2. Replace hash tables with purely functional data structures such as the Map and Set types of F# (I assume O'Caml has these too). The underlying data structures for these are red-black trees, which you can build up from lists. You can take one of these maps m and create a new map m' that has one more or one fewer key/value pairs, without modifying he original map, and this only takes O(log n) time. Likewise, looking up a value from a key takes only O(log n) time.

At this point, let me comment on the following lines in the tutorial:

"I once thought alists were just a hack, but there are many things you can do with them that you can't do with hash tables, including sort them, build them up incrementally in recursive functions, have several that share the same tail, and preserve old values."

You can do all of these things with purely functional maps. Futhermore, lookup time is exponentially faster.
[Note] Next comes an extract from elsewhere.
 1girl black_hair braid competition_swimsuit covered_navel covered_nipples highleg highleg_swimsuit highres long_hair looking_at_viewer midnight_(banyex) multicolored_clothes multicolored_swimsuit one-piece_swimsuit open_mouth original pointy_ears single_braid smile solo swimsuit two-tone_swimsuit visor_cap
Even if computation speed isn't a high priority for Arc, you can't ignore the difference between O(log n) access time and O(n) access time.

Similarly, how would you like a purely functional array-like data structure where you can do all of the following in O(log n) time, without modifying the original array:

a) create a new array that is the same as the old except at one index;

b) extract a subsequence of the original array;

c) create a new array that is the catenation of two existing arrays.

If I understand correctly, such a data structure could be created by generalizing the rope data structure (http://www.sgi.com/tech/stl/Rope.html), invented by Alexander Stepanov and Matthew Austern, to hold arbitrary values (instead of just characters).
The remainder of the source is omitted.